* _THE DATA_:
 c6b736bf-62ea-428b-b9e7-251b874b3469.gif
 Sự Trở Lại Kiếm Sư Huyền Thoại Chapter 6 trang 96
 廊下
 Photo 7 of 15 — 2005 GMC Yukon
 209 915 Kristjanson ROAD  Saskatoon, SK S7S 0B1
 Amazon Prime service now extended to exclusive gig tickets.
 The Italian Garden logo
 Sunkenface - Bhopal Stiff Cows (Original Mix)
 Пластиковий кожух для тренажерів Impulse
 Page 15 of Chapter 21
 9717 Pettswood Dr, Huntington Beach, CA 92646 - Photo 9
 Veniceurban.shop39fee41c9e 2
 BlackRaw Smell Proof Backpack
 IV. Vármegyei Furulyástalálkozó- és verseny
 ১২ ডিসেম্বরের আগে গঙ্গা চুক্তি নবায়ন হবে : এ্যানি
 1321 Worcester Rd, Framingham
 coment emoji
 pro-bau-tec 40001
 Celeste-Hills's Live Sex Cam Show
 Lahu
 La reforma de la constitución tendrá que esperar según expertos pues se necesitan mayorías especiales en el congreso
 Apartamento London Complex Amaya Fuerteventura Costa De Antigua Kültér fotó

* _WHAT THE TASK REQUIRES_: Give the entries again exactly as they stand.

* _WRITTEN REPLY_:
 c6b736bf-62ea-428b-b9e7-251b874b3469.gif
 Sự Trở Lại Kiếm Sư Huyền Thoại Chapter 6 trang 96
 廊下
 Photo 7 of 15 — 2005 GMC Yukon
 209 915 Kristjanson ROAD  Saskatoon, SK S7S 0B1
 Amazon Prime service now extended to exclusive gig tickets.
 The Italian Garden logo
 Sunkenface - Bhopal Stiff Cows (Original Mix)
 Пластиковий кожух для тренажерів Impulse
 Page 15 of Chapter 21
 9717 Pettswood Dr, Huntington Beach, CA 92646 - Photo 9
 Veniceurban.shop39fee41c9e 2
 BlackRaw Smell Proof Backpack
 IV. Vármegyei Furulyástalálkozó- és verseny
 ১২ ডিসেম্বরের আগে গঙ্গা চুক্তি নবায়ন হবে : এ্যানি
 1321 Worcester Rd, Framingham
 coment emoji
 pro-bau-tec 40001
 Celeste-Hills's Live Sex Cam Show
 Lahu
 La reforma de la constitución tendrá que esperar según expertos pues se necesitan mayorías especiales en el congreso
 Apartamento London Complex Amaya Fuerteventura Costa De Antigua Kültér fotó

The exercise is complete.